To enhance the accuracy of visual similarities, CoDet introduces text guidance which makes the similarity estimation between region proposals concept-aware. This is achieved by re-weighting similarity calculations with the text embedding of the concept, thereby emphasizing feature dimensions more relevant to the concept. CoDet's methodology is distinct in avoiding dependence on any pre-aligned vision-language space.
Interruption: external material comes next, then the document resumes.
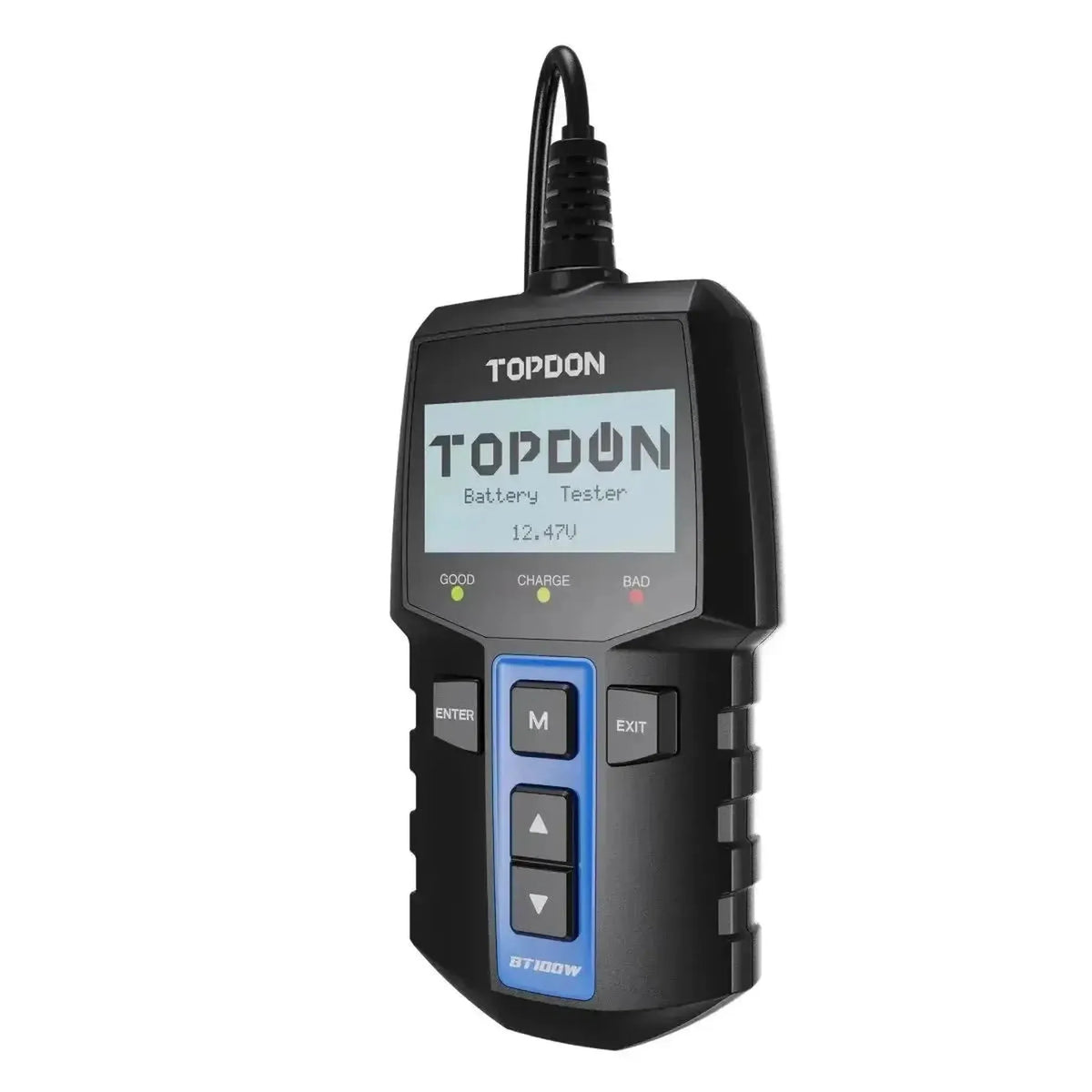 Topdon BT100W | Akkutesteri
Performance and Scalability
The paper reports extensive experiments showcasing CoDet's performances on the challenging OV-LVIS benchmark and across multiple datasets such as COCO and Objects365. Notably, CoDet is demonstrated to excel when scaled up with stronger visual backbones. This indicates the method's superior capability to generalize and robustly handle variance within visual data. The specific metrics provided illustrate a substantial improvement over previous state-of-the-art methodologies, confirming CoDet's efficacy.
Conclusion
In summary, CoDet paves a new path in open-vocabulary object detection by leveraging visual similarities inherent in images that discuss similar concepts. It outperforms current methods by reformulating region-word alignment as a visual pattern recognition task, simplified through concept groups and refined with text guidance. CoDet's encouraging results indicate that it could be a significant step towards more human-like understanding and detection of objects across an open-world setting. The trained CoDet models and code are made publicly available as a resource to the research community.